FIG. 1 is a schematic diagram of a semiconductor processing device including a precursor vessel source and a reactor chamber, with a pressure transducer and control system provided to control the flow in a first buffer volume, according to one embodiment.

FIG. 2 is a schematic diagram of a semiconductor processing device including a precursor vessel source and a reactor chamber, with a pressure transducer and control system provided to control the flow in a second buffer volume, according to one embodiment.

FIG. 3 is a schematic diagram of a semiconductor processing device including a plurality of precursor vessel sources and a plurality of reactor chambers, with a pressure transducer and control system provided to control the flow in a first buffer volume.

FIG. 4 is a flowchart illustrating a semiconductor processing method, according to various embodiments.

DETAILED DESCRIPTION

A delivery system designed to deliver precursor to multiple process chambers can comprise a large capacity solid or liquid precursor source, which uses bulky, individual precursor vessel enclosures dedicated to each process chamber (also referred to as a reaction chamber). By providing a remote evaporation or sublimation assembly, a footprint of the processing system can be reduced. However, due to a long distance between the remote source and the process chamber, a large pressure drop can occur between the source vessel and the process chamber, limiting delivery amount (flow) and extending exposure time. Some implementations can include a buffer volume located in the remote system enclosure, however this does not address pressure and flow loss due to the long distance between the remote system and the process chambers. If a carrier gas is used to entrain or carry the vaporized precursor to the reaction chamber (which is typical for low volatility precursors) an additional, high-temperature compatible concentration measurement and/or control system is provided to ensure consistent delivery to each process chamber.

Hereafter, an apparatus and a method of the disclosed embodiments will be described in detail by way of preferable embodiment shown in the attached drawings. Unless defined otherwise, all technical and scientific terms used herein have the same meaning as is commonly understood by one skill in the art.

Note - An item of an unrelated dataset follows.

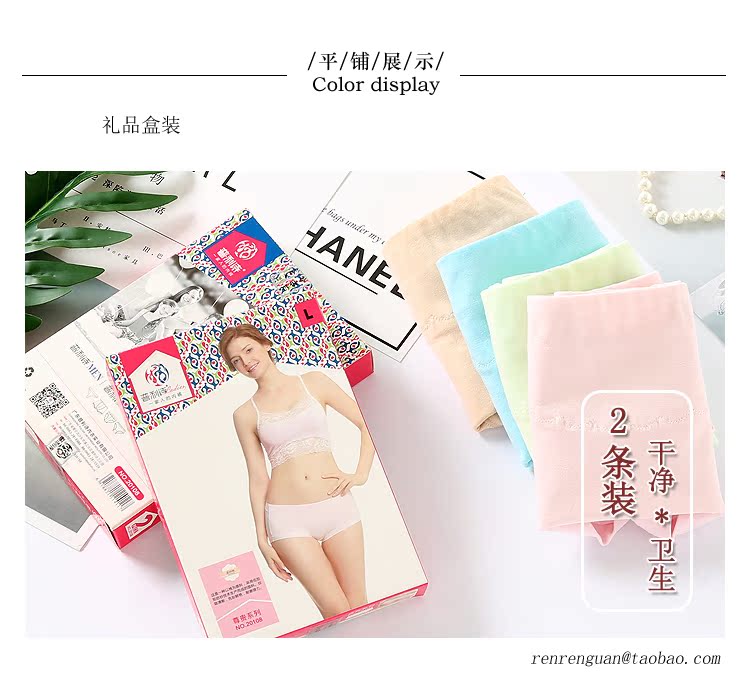 2 Gói Puli Shi đồ lót nữ thanh niên đơn giản màu rắn mềm sợi cotton cotton tóm tắt eo 20108 noi y cao cap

In the following detailed description of the disclosed embodiments, numerous specific details are set forth in order to provide a thorough understanding of the disclosed embodiments. However, it will be obvious to one with ordinary skill in the art that the disclosed embodiments may be practiced without these specific details. In other instances, well known methods, procedures, components, and mechanism have not been described in detail as not to unnecessarily obscure aspects of the disclosed embodiments.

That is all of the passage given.